Assignment
Among the records that follow, find the line with "Katherine Pike and" and the line with "Wall sconce with". Set down those lines and all lines between them exactly, without adding anything.

The input

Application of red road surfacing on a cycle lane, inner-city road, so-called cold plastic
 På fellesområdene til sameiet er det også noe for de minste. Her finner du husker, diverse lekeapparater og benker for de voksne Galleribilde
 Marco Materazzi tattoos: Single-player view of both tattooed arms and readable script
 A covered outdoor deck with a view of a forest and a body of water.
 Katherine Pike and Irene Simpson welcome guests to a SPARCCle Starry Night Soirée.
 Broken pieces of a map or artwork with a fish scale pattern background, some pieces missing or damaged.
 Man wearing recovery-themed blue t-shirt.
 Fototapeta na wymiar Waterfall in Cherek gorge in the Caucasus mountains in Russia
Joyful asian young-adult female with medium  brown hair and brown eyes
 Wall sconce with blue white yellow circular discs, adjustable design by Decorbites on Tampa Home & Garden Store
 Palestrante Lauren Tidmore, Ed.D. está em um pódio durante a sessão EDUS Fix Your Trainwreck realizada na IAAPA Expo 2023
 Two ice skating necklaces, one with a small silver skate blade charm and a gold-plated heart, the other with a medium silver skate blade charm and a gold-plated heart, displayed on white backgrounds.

Exercise output
 Katherine Pike and Irene Simpson welcome guests to a SPARCCle Starry Night Soirée.
 Broken pieces of a map or artwork with a fish scale pattern background, some pieces missing or damaged.
 Man wearing recovery-themed blue t-shirt.
 Fototapeta na wymiar Waterfall in Cherek gorge in the Caucasus mountains in Russia
Joyful asian young-adult female with medium  brown hair and brown eyes
 Wall sconce with blue white yellow circular discs, adjustable design by Decorbites on Tampa Home & Garden Store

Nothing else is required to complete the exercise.